ADM: What is the ultimate goal of Applause Labs? What do you hope to accomplish with it?

Zaleski: Applause Labs is a formalized innovation engine. With it, we hope to increase our pace of innovation and release new features (and in some cases, entirely new solutions), sometimes taking our business in completely new directions. The rapid prototyping of exploratory projects that Applause Labs enables will help to source and proof the company’s next great ideas.

ADM: How did Applause Labs come to be?

Zaleski: Applause Labs was conceptualized out of our business need to continue to innovate and differentiate ourselves in the application testing market. We are still improving our core offerings on a daily basis, but Applause Labs goes beyond this day-to-day work, moving us out of our comfort zone in order to evaluate new ideas and concepts that have the potential to yield a more dramatic impact to the company and the solutions we deliver to our clients.

ADM: How do you source ideas and how often are new concepts prototyped?

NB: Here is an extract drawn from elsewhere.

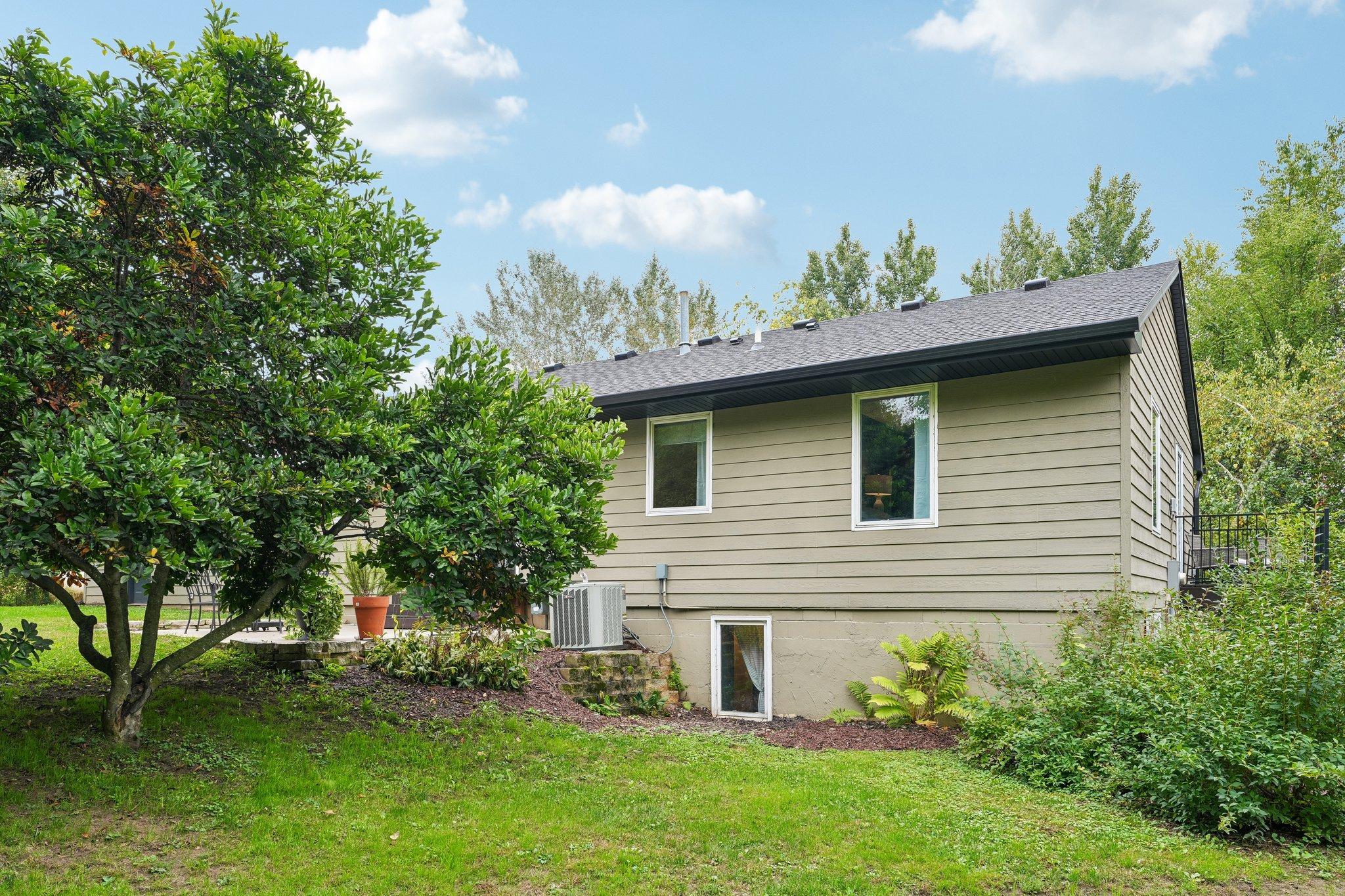 51-web-or-mls-W10282 County Road Ff-S2909-051.jpg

Zaleski: We source new ideas from employees and internal audiences via an Aha! ideas portal. We also source ideas from customers that are part of our Customer Advisory Board. In the future, we may open up the process to allow external audiences to submit ideas to Applause Labs. We are already seeing a ton of ideas come through from our internal audiences, which the team acted on quickly. Within the first two weeks of its existence, Applause Labs evaluated and prototyped over ten concepts. Projects are ideally scoped to fit into under two weeks so that we can maintain a “fail fast” mentality and spend our time investigating ideas that we can influence quickly while discarding projects that do not pan out or deliver the expected value.

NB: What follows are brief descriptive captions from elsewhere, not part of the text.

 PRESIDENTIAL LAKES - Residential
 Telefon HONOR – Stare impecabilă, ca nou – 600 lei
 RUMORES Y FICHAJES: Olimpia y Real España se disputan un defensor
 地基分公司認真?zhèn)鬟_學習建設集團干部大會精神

ADM: How do you evaluate the prototypes that are produced by Applause Labs?

Zaleski: At the end of each project, we want to arrive at a tangible recommendation on next steps.

These are divided into four categories:

1.    Yes – we should get this project onto the product roadmap.
2.    No – this project isn’t worthwhile or feasible.
3.    Not now – The project could be valuable, but the scope is too big, there is a technical limitation or there is some other blocker.
4. Keep going – The project completion is close and we need to take it a bit further in order to provide a clearer recommendation.